*** Begin section ***
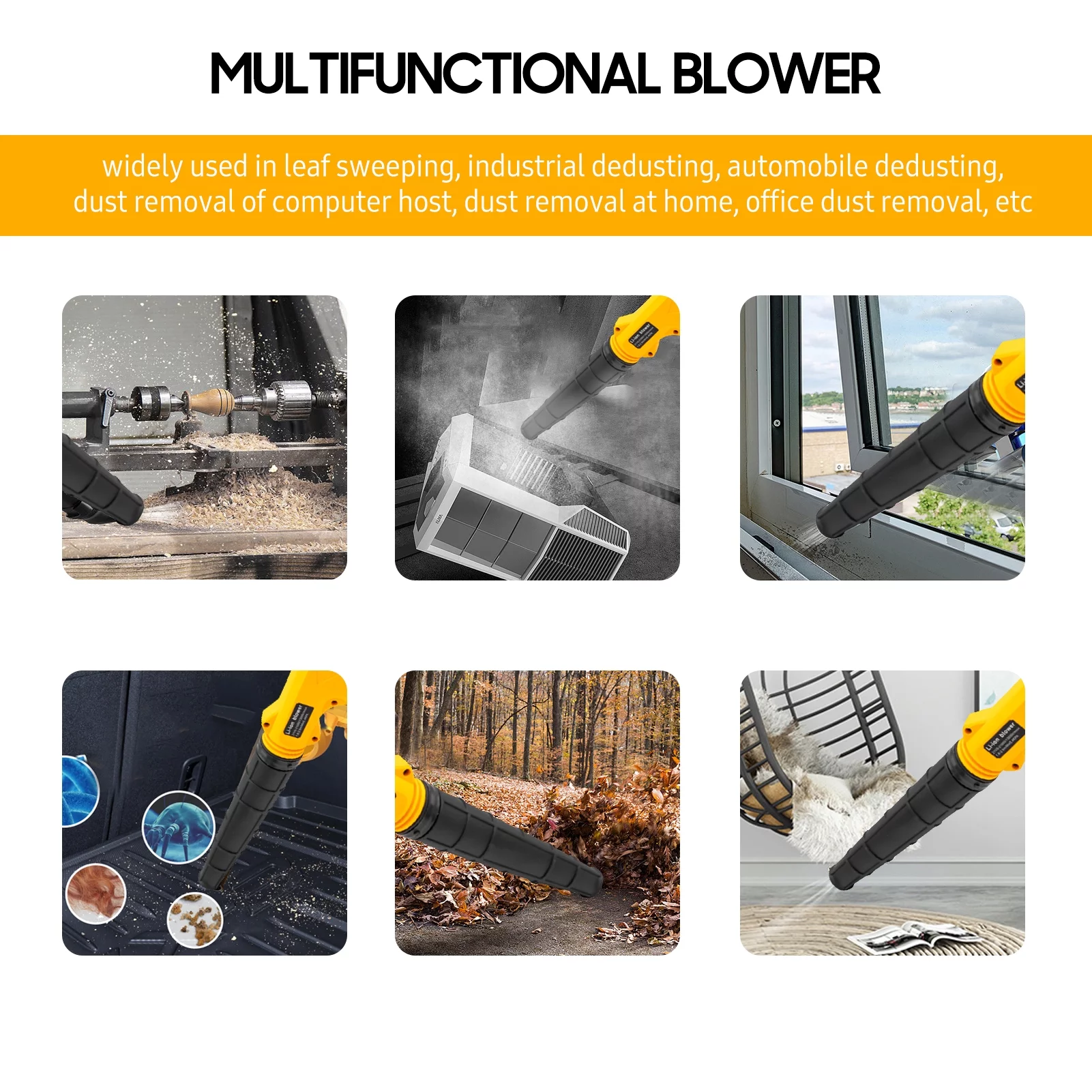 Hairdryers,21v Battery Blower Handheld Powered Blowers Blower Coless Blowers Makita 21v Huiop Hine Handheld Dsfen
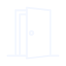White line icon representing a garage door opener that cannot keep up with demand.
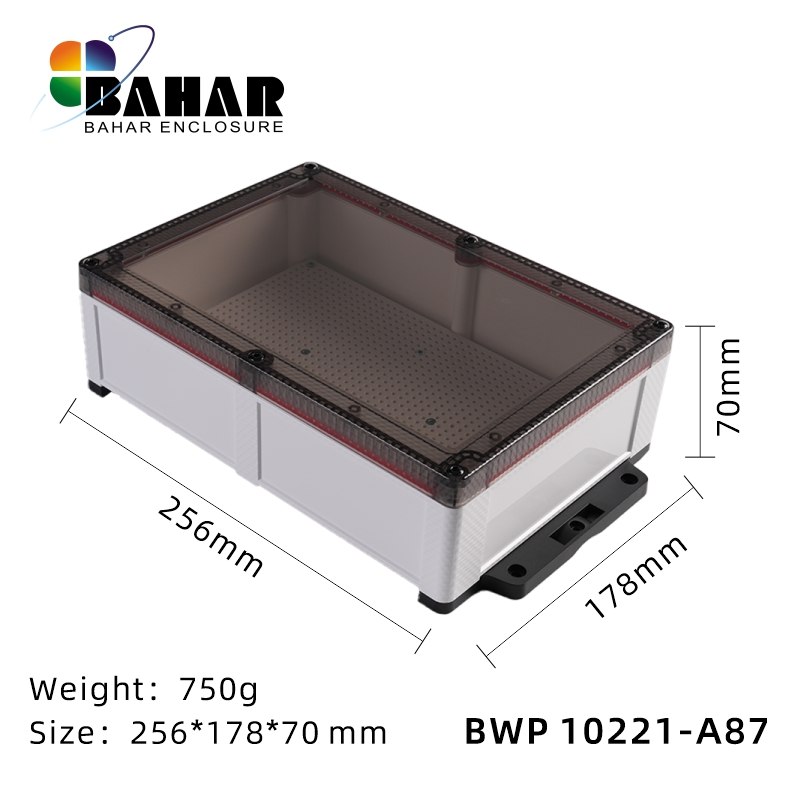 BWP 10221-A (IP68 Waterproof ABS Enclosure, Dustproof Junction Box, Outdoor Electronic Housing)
*** End section ***
What you should do
Output the complete listing exactly as it appears, except for the images.

Written response
 Hairdryers,21v Battery Blower Handheld Powered Blowers Blower Coless Blowers Makita 21v Huiop Hine Handheld Dsfen
White line icon representing a garage door opener that cannot keep up with demand.
 BWP 10221-A (IP68 Waterproof ABS Enclosure, Dustproof Junction Box, Outdoor Electronic Housing)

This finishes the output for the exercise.